Derivative of Implicit Functions

Implicit Function
If the independent and the dependent variables are mixed up in such a way that the dependent variable cannot be expressed in terms of the independent variable, this function is called an implicit function.

For example, $${x^2} + {y^2} – x + y + 3 = 0$$ is an implicit function, because the dependent variable $$y$$ cannot be expressed in terms of the independent variable $$x$$.

Example: Find $$\frac{{dy}}{{dx}}$$ if the given implicit function is $${x^2} + {y^2} = {a^2}$$

We have the given implicit function
\[{x^2} + {y^2} = {a^2}\]

Differentiating with respect to $$x$$, we have
\[\frac{d}{{dx}}{x^2} + \frac{d}{{dx}}{y^2} = \frac{d}{{dx}}{a^2}\]
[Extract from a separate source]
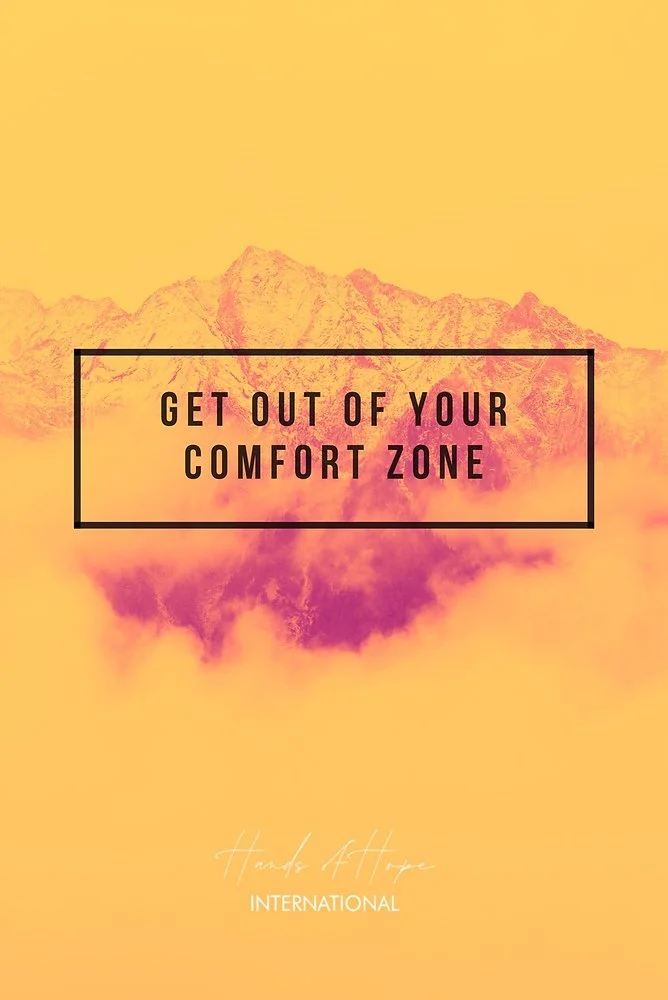 Get Out of Your Comfort Zone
Here, $${a^2}$$ any constant and the derivative of the constant function is zero.
\[\begin{gathered} 2x + 2y\frac{{dy}}{{dx}} = 0 \\ \Rightarrow 2y\frac{{dy}}{{dx}} = – 2x \\ \Rightarrow \frac{{dy}}{{dx}} = – \frac{{2x}}{{2y}} \\ \Rightarrow \frac{{dy}}{{dx}} = – \frac{x}{y} \\ \end{gathered} \]